The mildly-entertaining Sonic The Hedgehog is, ironically, most weighed down by its speedy protagonist. James Marsden and Jim Carrey make for an enjoyable supporting cast, but Sonic himself (voiced by Ben Schwartz) proves to be an overbearing, cynically conceived creation — in the leap from video game to franchise hopeful, he’s undone by Hollywood assumptions about what children find funny. Despite some sweetness and playful absurdity, this big-screen outing feels mostly like derivative, fussed-over product.

Sonic is either achingly hip or cloyingly naïve, depending on what the script requires.

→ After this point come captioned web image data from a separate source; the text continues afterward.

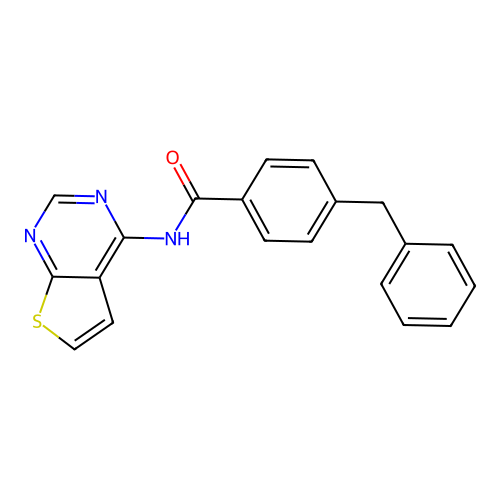 4-Benzyl-N-{thieno[2,3-D]pyrimidin-4-YL}benzamide structure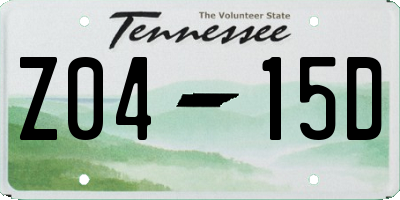 TN license plate Z0415D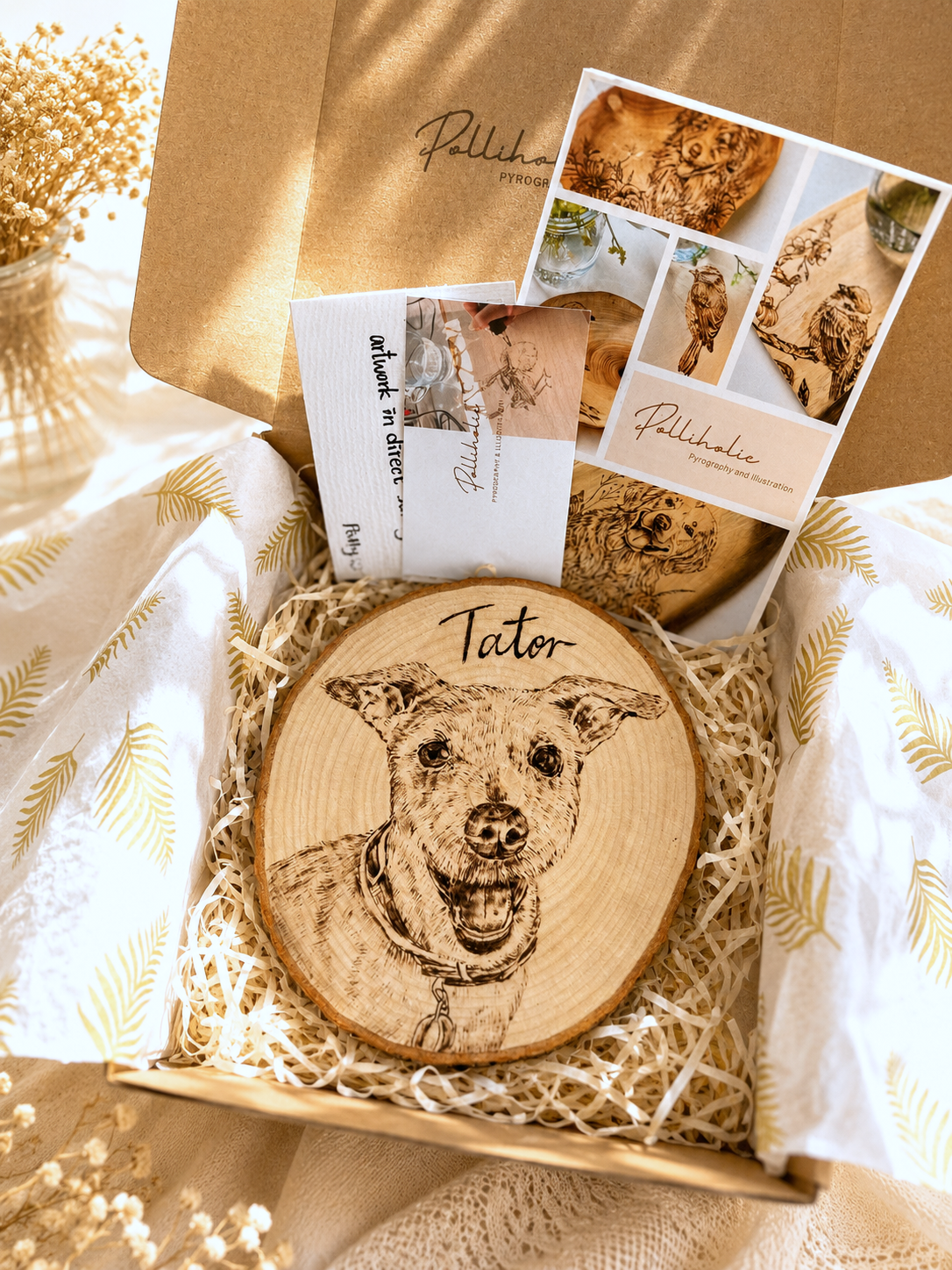 Natural Wood Circle Custom Pet Portrait – Hand-Burned Pyrography Art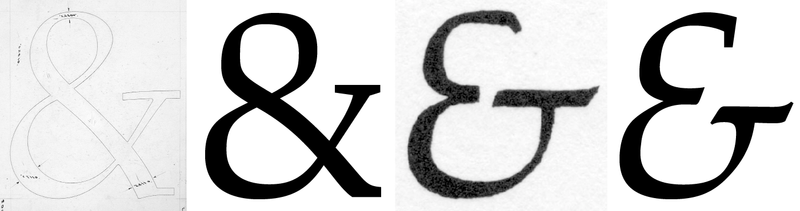Two scans of hand-rendered ampersands, shown alongside ampersands from the typeface Study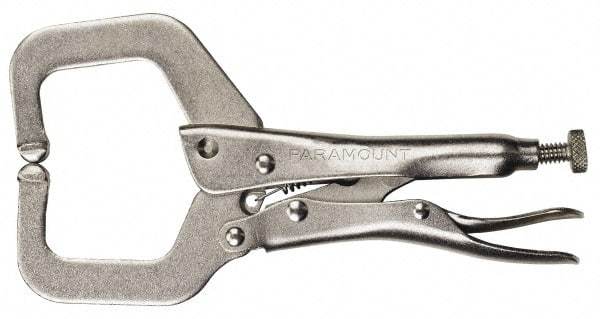 Paramount - 11" OAL C-Clamp Locking Pliers - 2-5/8" Jaw Depth, 3-3/8" Jaw Opening, Standard Handle - Strong Tooling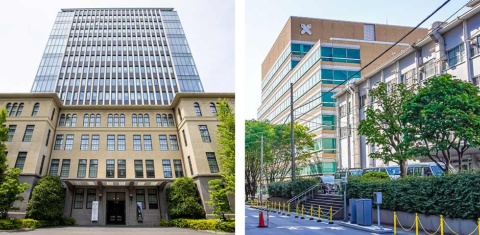早稲田大学の政治経済学部は2014年に新校舎（3号館）を竣工（左）。慶応義塾大学の医学部（右）も18年に新病院棟ができた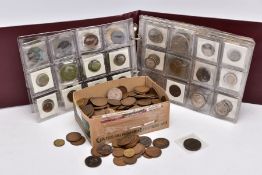 A COIN ALBUM CONTAINING WORLD COINAGE to include amounts of silver coins to include a USA half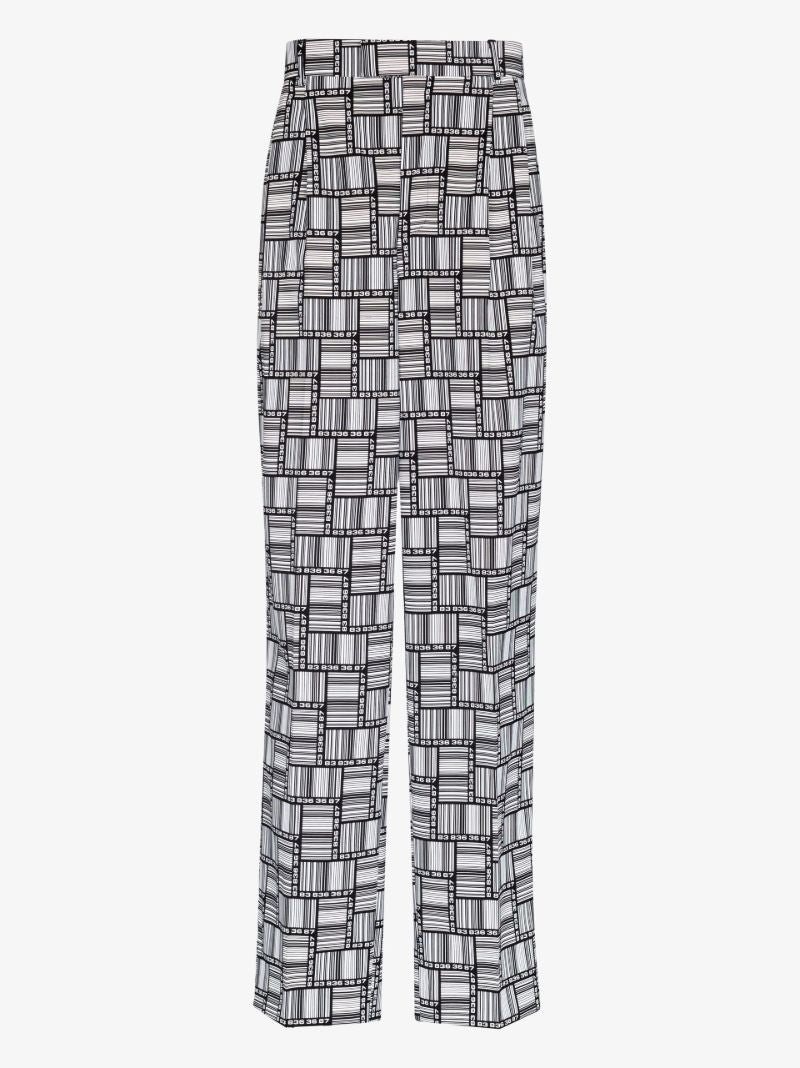 Barcode Printed Virgin Wool Trousers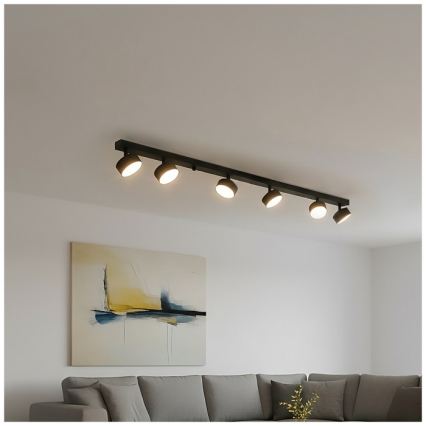 Luminaria de focos LUNVIGO 6xGX53/35W/230V negra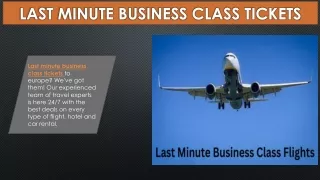 Last Minute Business Class Tickets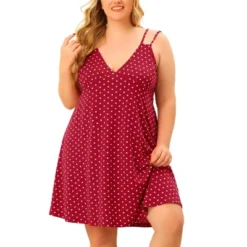 Agnes Orinda Women's Plus Size Deep V Knit Polka Dots Cami Nightgown -Agnes Sales Store GUEST 215d1458 ca7d 4b63 809b ba3bd079018a
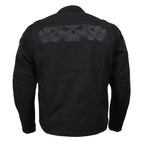 Milwaukee Leather MPM1730 Men's Black Padded Textile All Season Motorcycle Jacket w/ Reflective Skulls Artwork
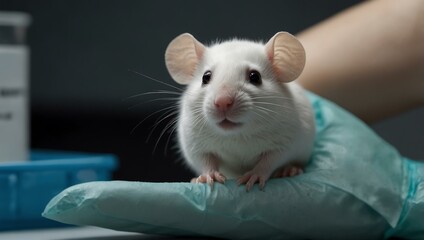 Wall Mural - White mouse in a gloved hand, laboratory setting.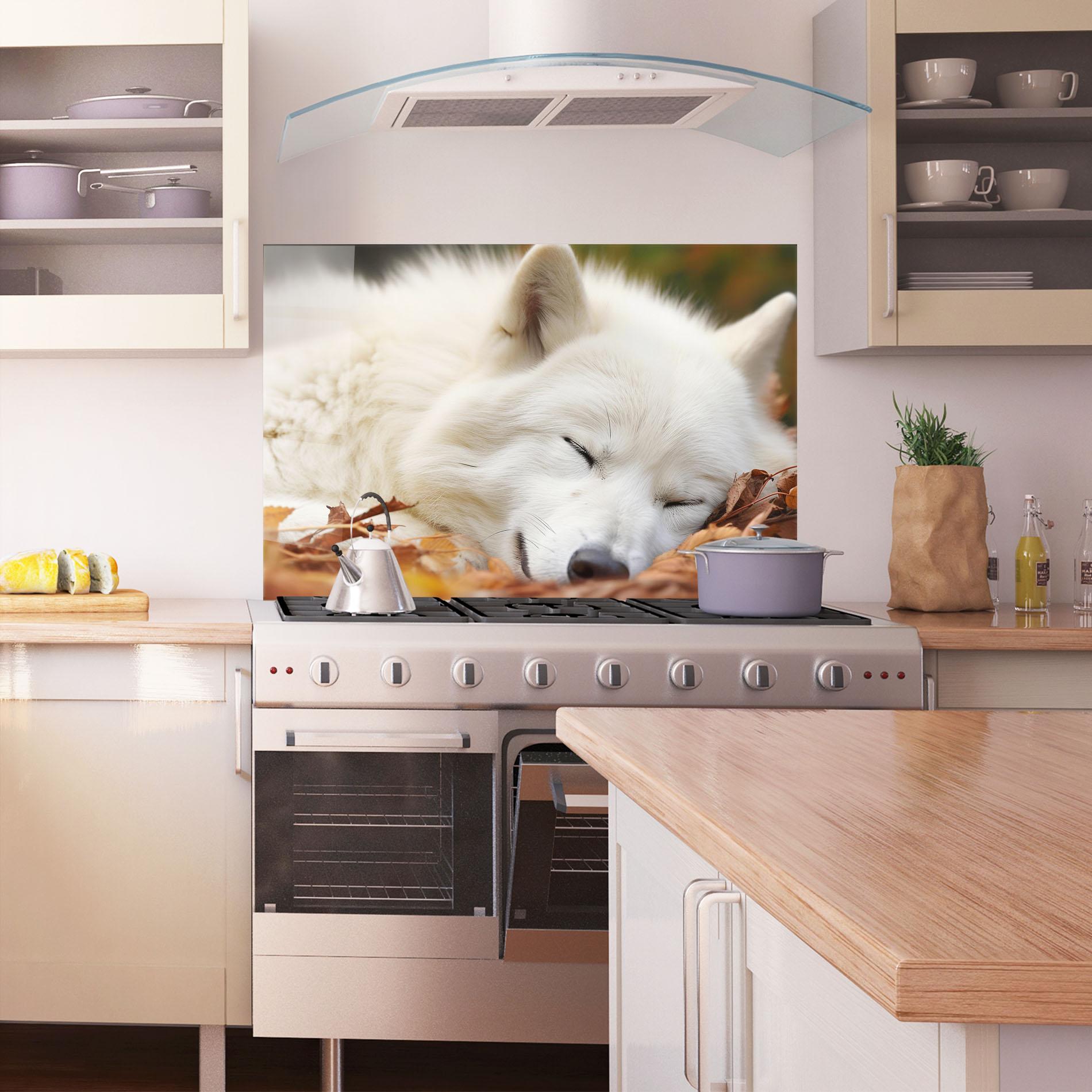 Konyhai üveg hátfal White Wolf Sleeping mockup 1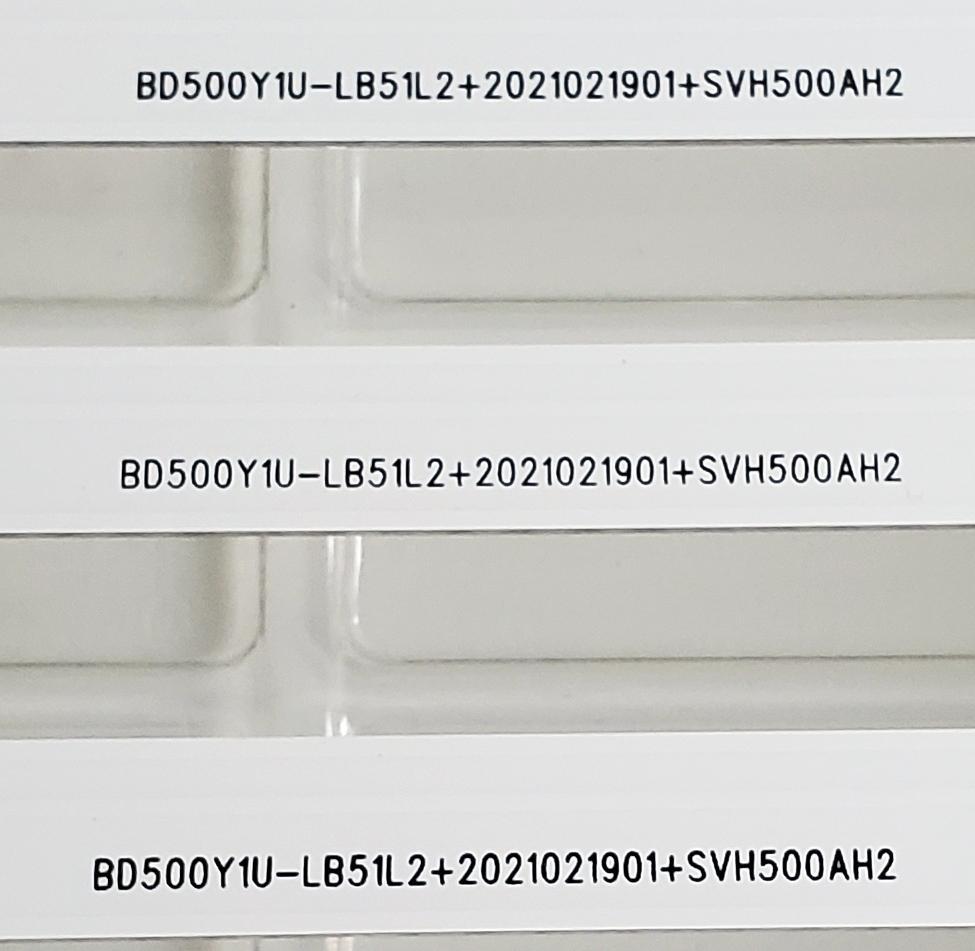 KIT DE LED'S ((NUEVOS)) PARA TV HISENSE / TOSHIBA ((4 PIEZAS)) / NUMERO DE PARTE CRH-BXBT50Y13030080409FREV1.1 / BD500Y1U-LB51L2 / 2021021901 / SVH500AH2 / 1262012 / 26131500 / PANEL HD500Y1U51-T0L2/MX\GM\CKD3A\ROH / MODELOS 50A6G / 50C350KU - Imagen 4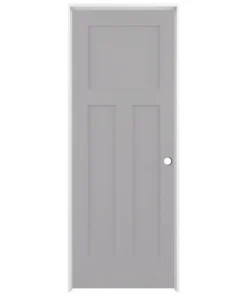 American Building Supply Prehung Interior Doors Shaker 28-in x 80-in Driftwood 3-Panel Craftsman Solid Core Prefinished Pine MDF Left Hand Inswing Single Prehung Interior Door
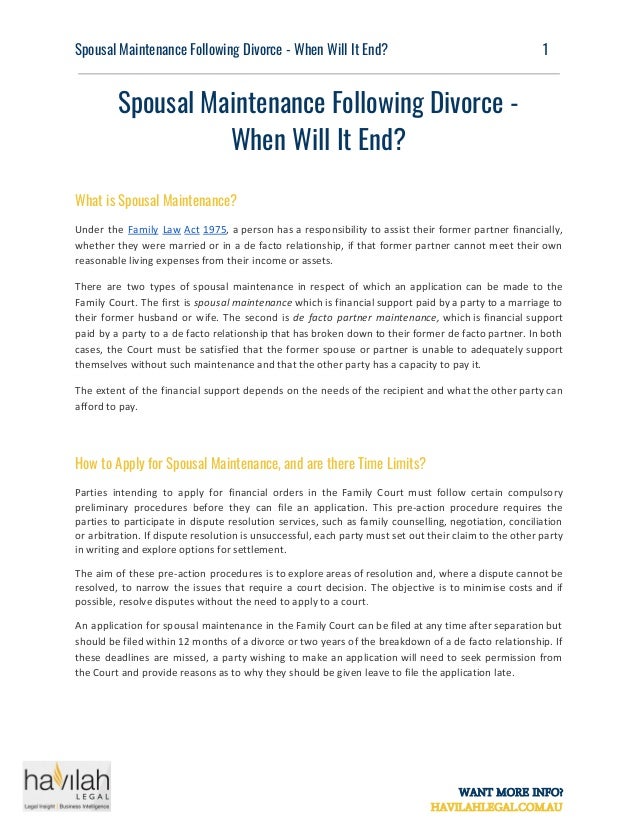 Spousal Maintenance after Divorce When Will it End?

Opening February 14 in the UK (to coincide with half-term holidays) and the US, Paramount’s action-comedy will target family audiences fresh from Dolittle and the Jumanji sequel. Carrey’s box office appeal (although diminished in recent years) could help, as will familiarity with the Sega game. But the film — delayed after vociferous online criticism of the way animators had designed Sonic, who was initially given more creepily humanlike characteristics — may not be the smash hit the studio needs to justify sequels.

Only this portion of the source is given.